We are one of the founders of RxHub, an electronic exchange enabling physicians who use electronic prescribing
technology to link to pharmacies, PBM companies, and health plans. On July 1, 2008, the merger of RxHub and
SureScripts was announced. The new organization will enable physicians to securely access health information when
caring for their patients through a fast and efficient health exchange. We have retained one-sixth ownership in the merged
company. Due to the decreased ownership percentage, the investment is being recorded using the cost method, under
which dividends are the basis of recognition of earnings from an investment.

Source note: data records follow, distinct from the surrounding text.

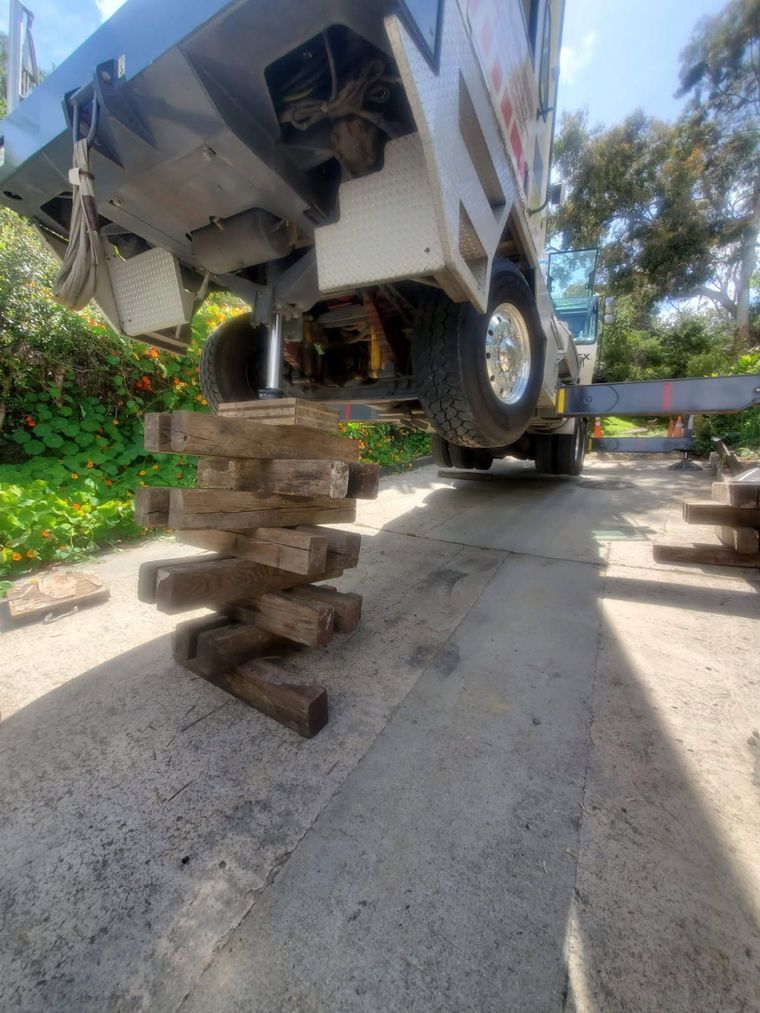 Raised vehicle supported by stacked wooden blocks on a driveway, with a wheel partly visible.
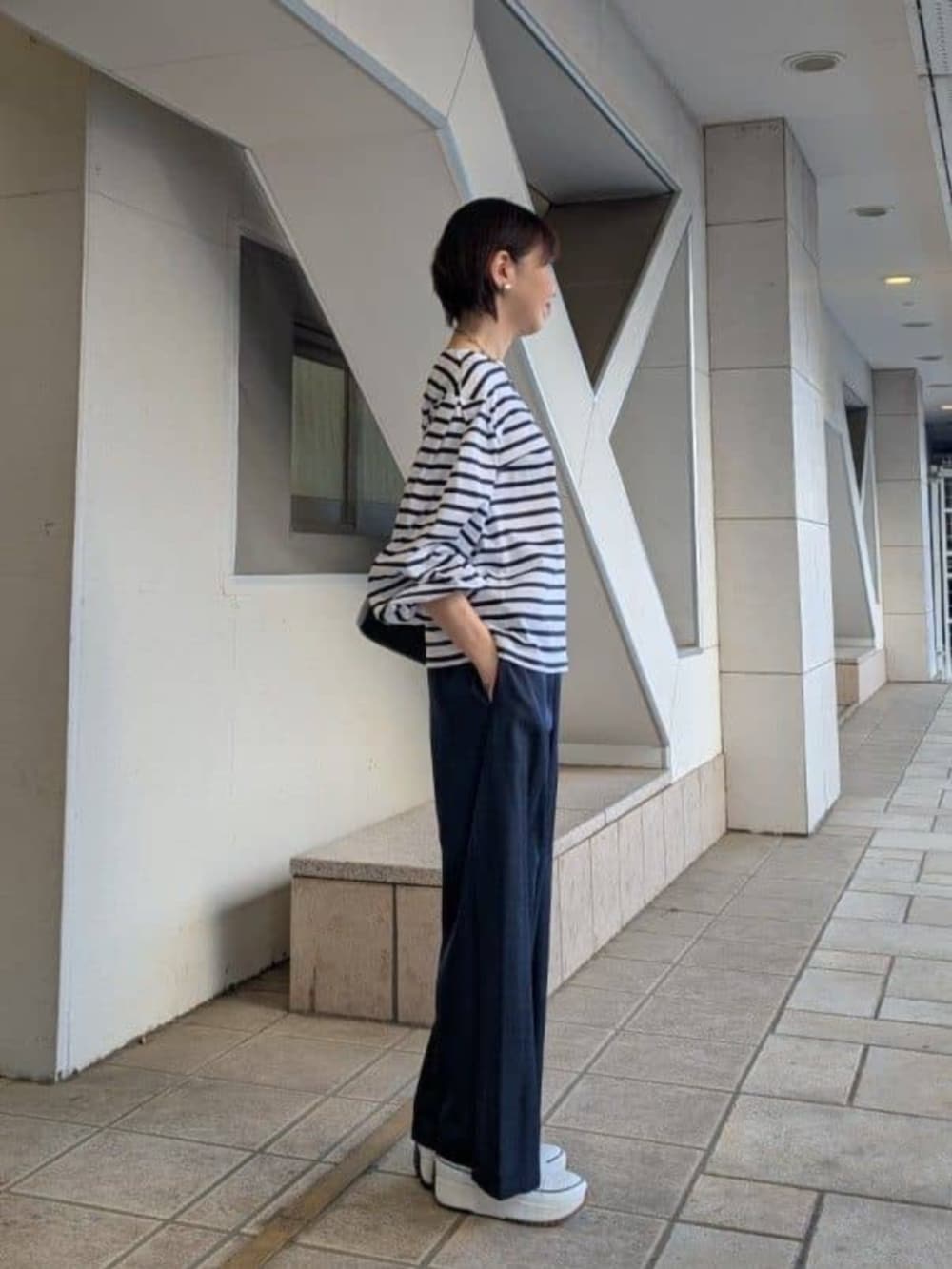 ブルー系のその他パンツ、ホワイト系のTシャツ/カットソー、ホワイト系のスニーカーを着用したレディースの春コーディネートの2枚目の写真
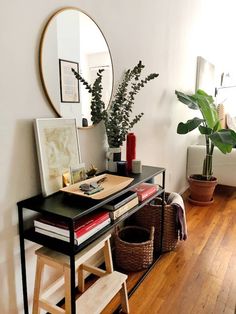 a room with a desk, mirror and potted plant on the side table in front of it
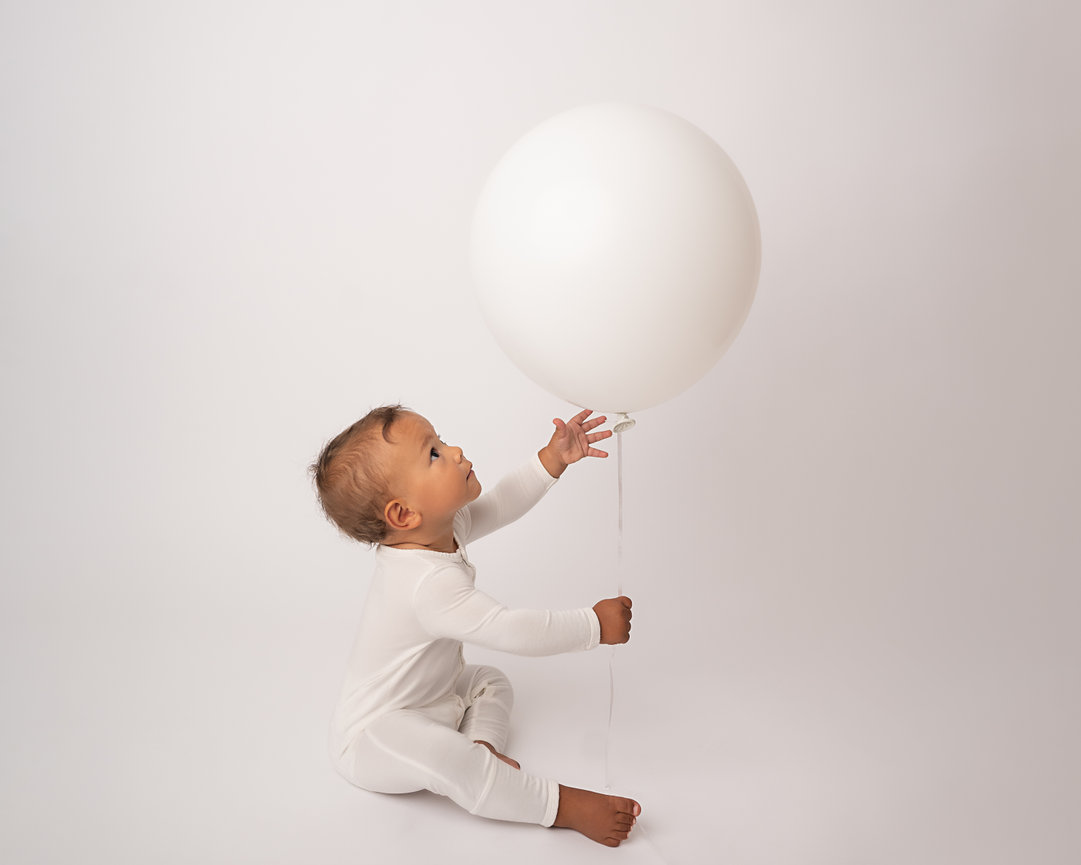 One-year-old smiling on white backdrop in Point Pleasant holding oversized white balloon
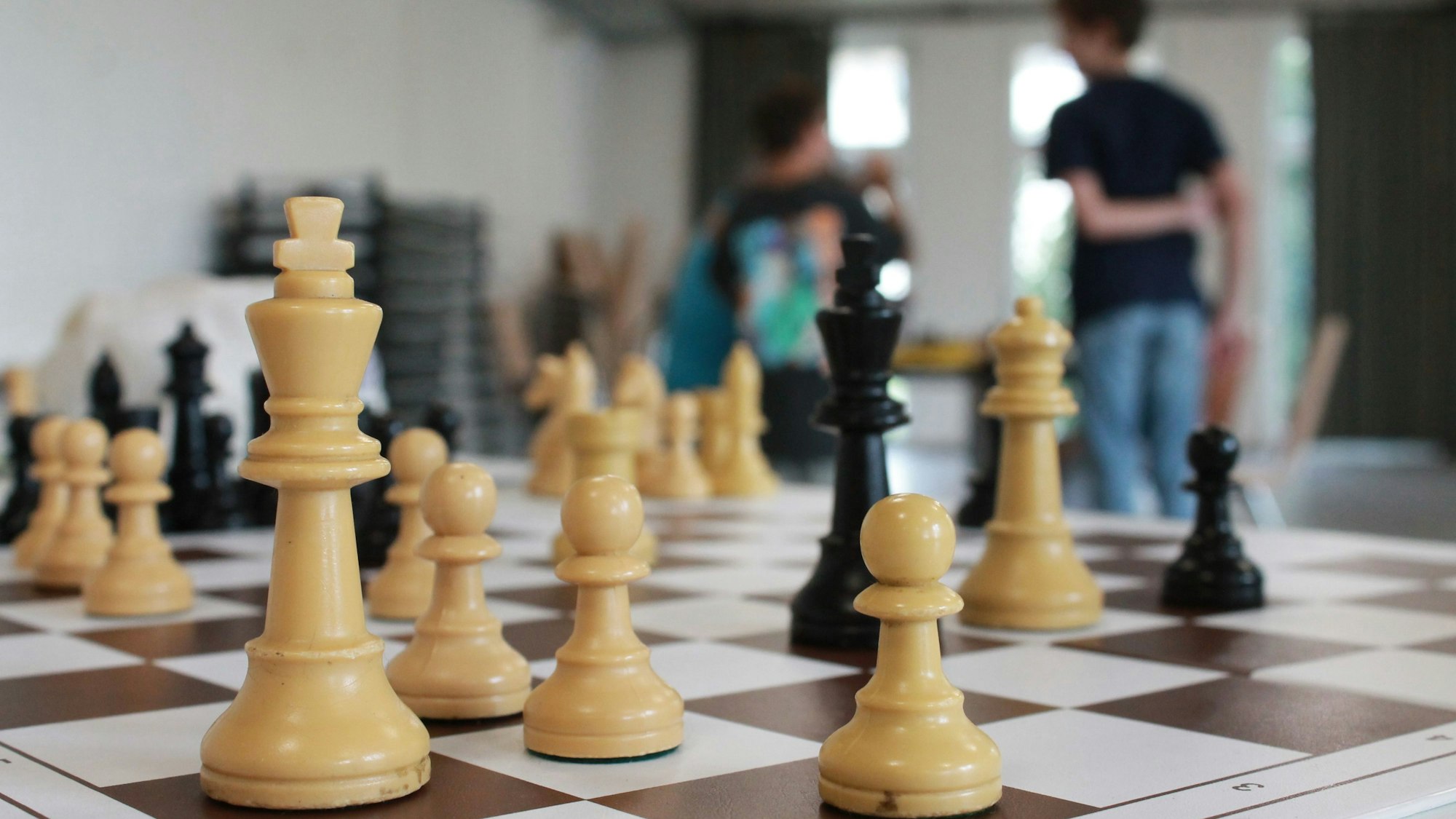 Ein Schachbrett, im Hintergrund Jugendliche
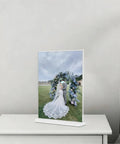 Clear Acrylic Sign Holder 4x6 Inches Three Pack T Shape Desktop Display Stand Double Sided Vertical Table Sign Holder For Restaurants Office Shop Wedding showcasing a wedding photo on a bedside table.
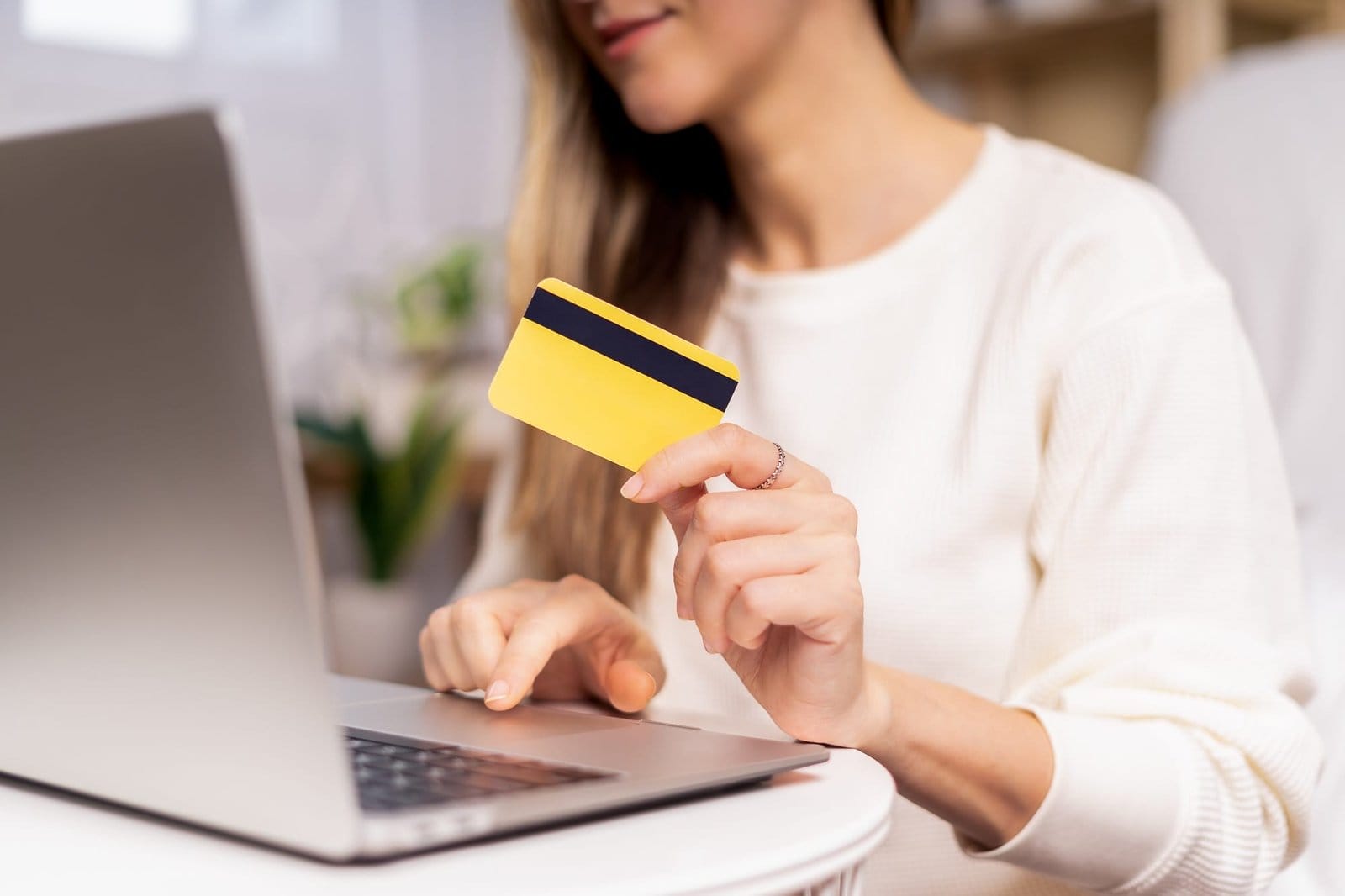 Distance learning online education and work. Business woman with credit car typing at laptop, sittin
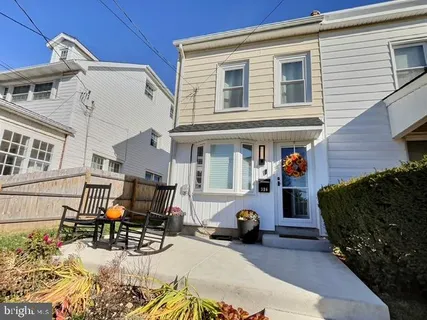 a view of a house with a patio and a yard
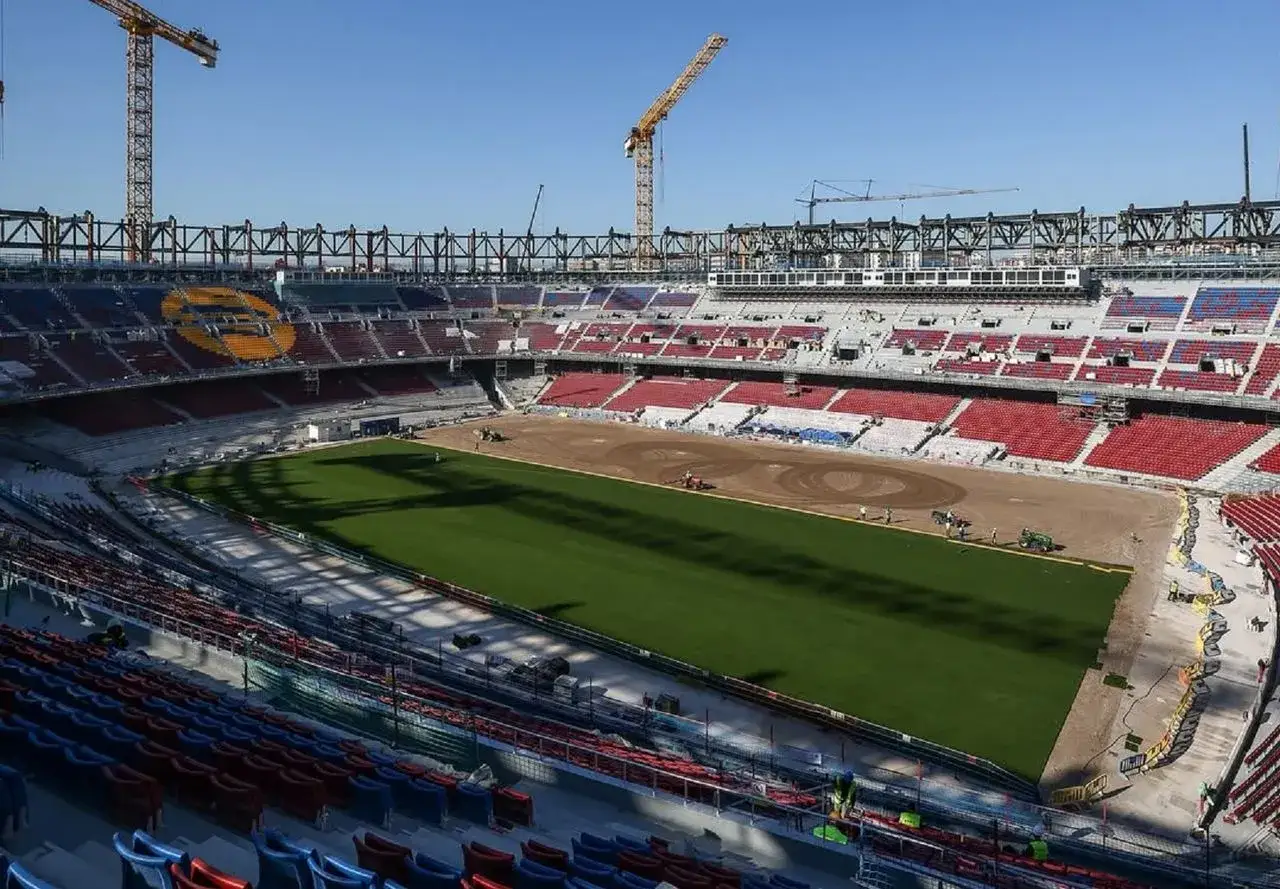 Widok na budowę nowego Camp Nou. Trwa układanie murawy, w tle widać żurawie i konstrukcje stadionu.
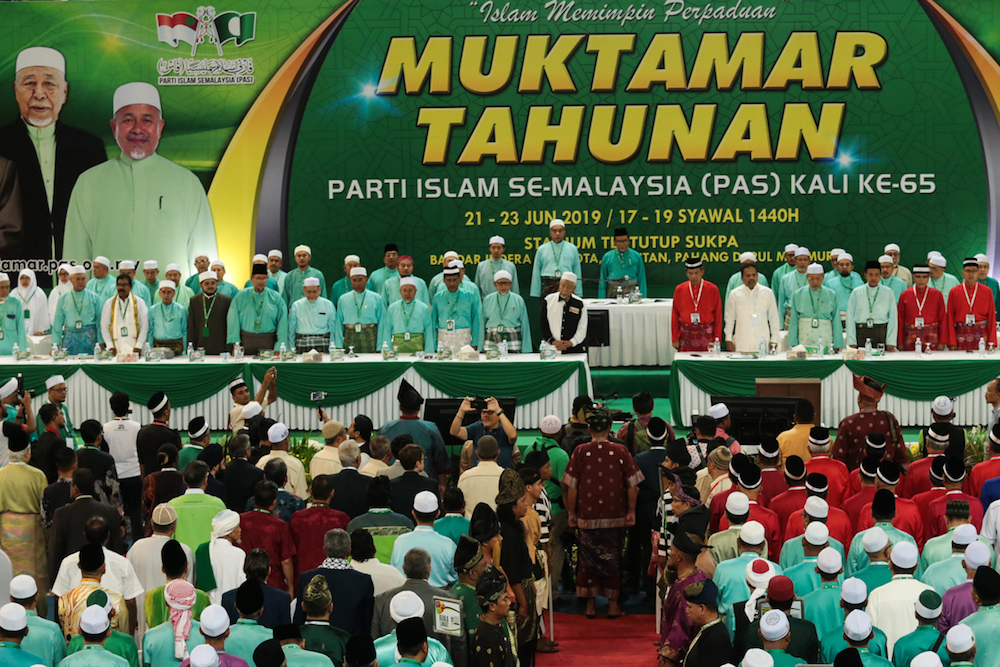 PAS and Umno leaders share the stage during the 65th PAS Muktamar in Kuantan June 21, 2019. — Picture by Ahmad Zamzahuri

This change did not have a material effect on
our consolidated financial statements (see Note 6).
On October 10, 2007, we purchased CYC, a leading provider of consumer directed healthcare technology
solutions to the employer, health plan and financial services markets. The purchase price was funded through internally
generated cash. The purchase agreement includes an earnout provision, payable after three years based on the performance
of the business. This acquisition is reported as part of our EM segment, and did not have a material effect on our
consolidated financial statements.
We regularly review potential acquisitions and affiliation opportunities. We believe available cash resources, bank
financing or the issuance of additional common stock or other securities could be used to finance future acquisitions or
affiliations. There can be no assurance we will make new acquisitions or establish new affiliations in 2010 or thereafter.
(see “Liquidity and Capital Resources – Acquisitions and Related Transactions”).
SENIOR NOTES
On June 9, 2009, we issued $2.5 billion of Senior Notes, including $1.0 billion aggregate principal amount of
5.250% Senior Notes due 2012; $1.0 billion aggregate principal amount of 6.250% Senior Notes due 2014 and $500
million aggregate principal amount of 7.250% Senior Notes due 2019. The Senior Notes require interest to be paid semi-
annually on June 15 and December 15. We may redeem some or all of each series of Senior Notes prior to maturity at a
price equal to the greater of (1) 100% of the aggregate principal amount of any notes being redeemed, plus accrued and
unpaid interest; or (2) the sum of the present values of the remaining scheduled payments of principal and interest on the
notes being redeemed, not including unpaid interest accrued to the redemption date, discounted to the redemption date on a
semiannual basis at the treasury rate plus 50 basis points with respect to any notes being redeemed, plus in each case,
unpaid interest on the notes being redeemed accrued to the redemption date. The Senior Notes are jointly and severally and
fully and unconditionally guaranteed on a senior unsecured basis by most of our current and future 100% owned domestic
subsidiaries (see Note 16).
Financing costs of $13.3 million are being amortized over an average weighted period of 5.2 years and are
reflected in other intangible assets, net in the consolidated balance sheet as of December 31, 2009. We used the net
proceeds for the acquisition of WellPoint’s NextRx PBM Business (see Note 3).